Here's our process.
First things first, I removed the seat cushions and the nasty fabric and foam (probably the worst I've seen ... yuck!) and then scrubbed down the rattan with white vinegar and water. David and I decided that the bottom x's made the chair feel bottom heavy so I used the jigsaw to cut through the middle and then I pulled them out.
ahh much better!
Next we filled all of the holes with wood filler. These chairs had obviously lived with a pet or small child since the rattan x's had bite marks on it (yikes! Didn't see that before purchasing ...) so I filled those too. Finally, I'd recommend filling in as many crevices as possible prior to painting. Once I painted, the rattan wrapping at the top of the chair looked cheap since the crevices were more noticeable with the white. I ended up filling them in with extra paint, but it would take less paint if filled with wood filler first.
After it dried we sanded with a combination of flexible foam backed sanding pads (purchased at Sherwin Williams) and the orbital sander. Since the surfaces are all curved, we were careful not to sand the filler too much to make it flat.
Prior to painting I applied a little wood glue to the back of the rattan so it wouldn't move once painted. My original plan was to spray prime the crevices and brush the rest, but soon realized that the entire chair needed to be sprayed. It is way too much curved surface area to brush!! I used two cans on three chairs, but it probably could of used one more coat. I've said it before, but Zinsser Cover Stain primer is my favorite! It sticks great, goes on evenly and covers well. It comes out fast, so press lightly to get an even, thin coat.

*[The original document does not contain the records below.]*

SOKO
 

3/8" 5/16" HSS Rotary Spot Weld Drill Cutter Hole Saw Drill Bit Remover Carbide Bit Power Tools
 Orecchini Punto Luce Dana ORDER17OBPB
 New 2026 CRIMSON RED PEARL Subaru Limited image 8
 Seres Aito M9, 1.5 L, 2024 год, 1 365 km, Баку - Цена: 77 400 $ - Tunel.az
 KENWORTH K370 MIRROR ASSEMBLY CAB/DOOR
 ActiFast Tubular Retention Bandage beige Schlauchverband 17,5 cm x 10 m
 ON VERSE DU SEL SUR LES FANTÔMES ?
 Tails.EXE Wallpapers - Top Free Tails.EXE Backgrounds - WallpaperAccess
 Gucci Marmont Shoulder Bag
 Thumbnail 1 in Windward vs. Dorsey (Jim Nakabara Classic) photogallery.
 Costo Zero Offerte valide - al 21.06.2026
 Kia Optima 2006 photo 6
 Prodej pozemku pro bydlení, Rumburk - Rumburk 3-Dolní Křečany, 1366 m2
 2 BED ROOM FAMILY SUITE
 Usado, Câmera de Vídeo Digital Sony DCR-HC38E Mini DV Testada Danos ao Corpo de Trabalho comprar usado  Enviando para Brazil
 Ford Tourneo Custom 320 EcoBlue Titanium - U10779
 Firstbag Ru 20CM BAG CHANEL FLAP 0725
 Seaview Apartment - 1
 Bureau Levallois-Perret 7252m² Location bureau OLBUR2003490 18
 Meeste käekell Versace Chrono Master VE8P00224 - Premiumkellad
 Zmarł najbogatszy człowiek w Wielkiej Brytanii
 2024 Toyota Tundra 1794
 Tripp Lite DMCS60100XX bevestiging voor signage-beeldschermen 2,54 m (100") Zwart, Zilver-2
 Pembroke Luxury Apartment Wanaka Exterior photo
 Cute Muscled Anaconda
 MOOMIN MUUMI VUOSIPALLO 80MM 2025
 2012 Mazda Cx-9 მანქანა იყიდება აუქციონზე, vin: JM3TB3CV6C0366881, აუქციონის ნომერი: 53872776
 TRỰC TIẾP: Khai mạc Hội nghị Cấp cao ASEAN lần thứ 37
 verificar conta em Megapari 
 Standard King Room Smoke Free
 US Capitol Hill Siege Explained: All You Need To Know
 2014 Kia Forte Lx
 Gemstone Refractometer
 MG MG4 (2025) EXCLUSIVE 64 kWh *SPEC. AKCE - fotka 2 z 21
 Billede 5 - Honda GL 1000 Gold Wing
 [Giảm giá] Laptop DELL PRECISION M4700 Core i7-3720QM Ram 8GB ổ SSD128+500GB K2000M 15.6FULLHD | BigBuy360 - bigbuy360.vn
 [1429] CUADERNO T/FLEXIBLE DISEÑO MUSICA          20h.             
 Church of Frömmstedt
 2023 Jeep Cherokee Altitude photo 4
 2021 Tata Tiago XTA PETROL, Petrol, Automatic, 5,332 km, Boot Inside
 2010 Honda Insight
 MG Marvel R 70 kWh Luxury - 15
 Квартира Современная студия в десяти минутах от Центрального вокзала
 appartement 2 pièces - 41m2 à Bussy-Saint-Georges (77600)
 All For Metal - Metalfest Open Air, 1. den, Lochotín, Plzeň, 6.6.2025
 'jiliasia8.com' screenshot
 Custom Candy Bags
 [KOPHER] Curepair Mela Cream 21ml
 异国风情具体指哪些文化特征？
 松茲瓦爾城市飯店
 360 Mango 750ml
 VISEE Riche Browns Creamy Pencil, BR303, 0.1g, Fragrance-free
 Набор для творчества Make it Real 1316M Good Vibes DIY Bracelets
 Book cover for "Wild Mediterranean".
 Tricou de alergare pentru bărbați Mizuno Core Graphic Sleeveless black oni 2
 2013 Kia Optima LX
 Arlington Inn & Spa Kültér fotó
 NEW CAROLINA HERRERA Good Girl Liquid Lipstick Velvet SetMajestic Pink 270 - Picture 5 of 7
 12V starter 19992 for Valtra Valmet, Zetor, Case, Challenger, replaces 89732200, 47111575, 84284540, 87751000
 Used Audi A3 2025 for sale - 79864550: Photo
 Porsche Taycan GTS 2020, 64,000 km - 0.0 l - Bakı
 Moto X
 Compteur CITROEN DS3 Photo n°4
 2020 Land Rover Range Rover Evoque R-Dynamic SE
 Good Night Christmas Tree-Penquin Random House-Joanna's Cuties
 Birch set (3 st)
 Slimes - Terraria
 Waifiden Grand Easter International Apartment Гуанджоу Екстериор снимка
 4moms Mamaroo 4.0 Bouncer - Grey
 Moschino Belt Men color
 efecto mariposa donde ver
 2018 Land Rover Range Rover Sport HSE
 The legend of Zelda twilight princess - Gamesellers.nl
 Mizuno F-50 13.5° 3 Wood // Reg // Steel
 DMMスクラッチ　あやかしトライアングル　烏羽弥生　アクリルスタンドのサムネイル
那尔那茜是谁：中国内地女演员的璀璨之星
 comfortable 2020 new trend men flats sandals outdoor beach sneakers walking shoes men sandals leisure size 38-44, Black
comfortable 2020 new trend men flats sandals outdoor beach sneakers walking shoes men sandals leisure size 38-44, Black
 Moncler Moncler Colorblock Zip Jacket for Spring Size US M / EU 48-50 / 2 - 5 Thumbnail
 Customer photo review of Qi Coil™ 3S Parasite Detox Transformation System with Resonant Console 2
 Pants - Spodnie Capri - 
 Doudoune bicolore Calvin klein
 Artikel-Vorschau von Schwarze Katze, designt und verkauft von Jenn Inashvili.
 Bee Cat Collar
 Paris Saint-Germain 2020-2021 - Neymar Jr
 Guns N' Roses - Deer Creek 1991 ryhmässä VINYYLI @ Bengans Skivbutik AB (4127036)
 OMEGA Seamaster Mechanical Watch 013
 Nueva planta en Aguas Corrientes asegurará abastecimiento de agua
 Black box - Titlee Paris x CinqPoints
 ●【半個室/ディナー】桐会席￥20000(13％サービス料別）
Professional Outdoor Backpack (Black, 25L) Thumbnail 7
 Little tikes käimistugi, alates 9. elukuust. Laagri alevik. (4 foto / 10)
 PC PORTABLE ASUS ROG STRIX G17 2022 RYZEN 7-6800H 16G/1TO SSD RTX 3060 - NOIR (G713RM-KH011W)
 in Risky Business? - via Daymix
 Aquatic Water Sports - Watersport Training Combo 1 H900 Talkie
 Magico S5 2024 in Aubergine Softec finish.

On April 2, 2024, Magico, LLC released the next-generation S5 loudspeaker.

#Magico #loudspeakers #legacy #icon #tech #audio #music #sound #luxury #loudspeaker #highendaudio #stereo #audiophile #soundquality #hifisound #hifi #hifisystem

We decided to airbrush our chairs with Sherwin Williams Pro Classic paint (SW Alabaster), since we had that on hand. For those without an airbrush, spray painting would work just as well. If you're curious, the airbrush is great for smaller areas where you want more control. Since the paint is easily controlled, it uses less paint since there is less overspray. However, I wouldn't recommend using it on a large surface since it would take too long.
We then decided to finish it with Krylon's Lacquer (purchased at Sherwin Williams) to give it a glossy protective finish. This has been one of our favorite clears since it didn't create drips easily and went on great.
Mom's here this week and her timing couldn't of been more perfect to help with the cushions! She is a sewing master and volunteered to make the cushions for me (thanks mom!) First Mom made the cording by cutting coral fabric on the bias (diagonally across the fabric) which helps the cording bend. Here's a tutorial on how to make double cord welting that I've used before, the principle is the same, but you don't use the second step.
Next, mom made a template for the top of the cushion, cut it out and then sewed the cording to the top of the cushion.
Finally, the flap on the back allowed us to make up the difference and pull tight. It's definitely doable with one person, but we found it easiest if one person pulled tight and the other stapled.
We reattached the seats and then we were done!
We're planning to use them as accent chairs in the living room/office until we finish the mid century modern chairs, but for now they are at the round table.
I think the coral piping is my favorite :)
Annabelle made a brief appearance for the photo shoot :)
These chairs have come a long way from their neglected, dirt covered beginnings!